Review: As a professor myself, I highly recommend this book to anyone who teaches college students. While it doesn't offer easy answers or a fool-proof formula, it poses many helpful questions that have made me reconsider my strategies in front of the classroom- and so far to good effect. The fact that this book is based on real-life research makes it more than just a how-to book. It also makes me think about how completely unprepared my education made me to stand in front of students every day...

Rating: 5 stars
Summary: An Excellent Read for Those Who Value Teaching
Review: Ken Bain has written precisely the sort of book I wish someone had shared with me during my graduate school days. Like many of my colleagues, I was left to my own devices inside the college classroom. My solution was to emulate those professors I respected as a student. Other than a few days of preparation in 1990, I never had any sort of systematic training about good classroom performance or how students learn.

Ken Bain, Director for the Center of Teaching Excellence at New York University, has provided a valuable resource for all of us in a similar situation. Perhaps the most striking feature of Bain's book is that it is not a how-to approach. If you are looking for a host of specific techniques to apply, then other teaching resources will better suit your needs. Instead, Bain's book looks at the best college teaching from a more bird's eye view to identify the essential characteristics of our best teachers. Some of the key themes include:

- How the best teachers connect content knowledge with real-world practice so that students exhibit learning (change).

- How the best teachers exhibit some combination of 13 goals or targets for preparing to teach.

- What the best teachers expect of their students.

- How the best teachers draw from seven unifying principles to deliver a course.

- The types of invitations that the best teachers extend to their students when attempting to draw them into a learning community.

- How we can learn more about our teaching, and improve, by pursuing a robost course evaluation system.

These are the key themes. Each is developed with a variety of examples that the author has gathered over the years while working at Vandebilt, Northwestern, and now NYU. The book unquestionably draws from a variety of important research articles, but in no way is this a dry read about pedagogical research. Ken Bain tells a good story in each chapter and uses both his experiential base and the literature to bolster his conclusions. What emerges is a practical, wise, and intelligent discussion of the best college teaching that is written in plain English. I read the book in two evenings quite easily. It is unusual to find such a well-written book containing a wealth of knowledge you can take back to the job.

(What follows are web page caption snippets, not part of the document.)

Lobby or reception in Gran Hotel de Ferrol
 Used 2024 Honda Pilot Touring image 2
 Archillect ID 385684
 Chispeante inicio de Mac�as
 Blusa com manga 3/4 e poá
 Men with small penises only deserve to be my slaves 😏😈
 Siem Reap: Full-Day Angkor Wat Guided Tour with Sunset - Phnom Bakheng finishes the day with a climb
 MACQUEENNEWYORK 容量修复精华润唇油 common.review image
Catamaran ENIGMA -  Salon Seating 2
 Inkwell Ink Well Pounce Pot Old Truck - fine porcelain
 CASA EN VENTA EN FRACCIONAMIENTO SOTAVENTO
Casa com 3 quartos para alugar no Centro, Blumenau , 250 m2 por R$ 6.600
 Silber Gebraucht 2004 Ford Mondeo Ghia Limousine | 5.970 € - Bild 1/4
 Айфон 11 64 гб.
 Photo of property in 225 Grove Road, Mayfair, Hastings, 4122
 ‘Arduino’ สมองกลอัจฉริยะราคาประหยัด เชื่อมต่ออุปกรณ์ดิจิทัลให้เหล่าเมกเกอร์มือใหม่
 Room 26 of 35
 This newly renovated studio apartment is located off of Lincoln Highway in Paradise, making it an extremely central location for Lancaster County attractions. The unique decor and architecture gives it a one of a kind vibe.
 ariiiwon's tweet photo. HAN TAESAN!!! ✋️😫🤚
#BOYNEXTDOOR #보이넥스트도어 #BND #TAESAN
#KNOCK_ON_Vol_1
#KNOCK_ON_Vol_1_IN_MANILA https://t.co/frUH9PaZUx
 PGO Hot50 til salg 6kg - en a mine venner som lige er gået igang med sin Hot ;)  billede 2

This book is suitable for anyone teaching at the college level. Regardless of whether you are a graduate student preparing to teach for the first time, an experienced educator at the undergraduate level, or a top-flight researcher delivering graduate seminars, I have no doubt there is something we can all learn from each chapter.

Maybe as my final point I will share that I found the book so useful I purchased a copy for all new faculty arriving at my university this year. I can only hope my colleagues find the book as engaging as I do.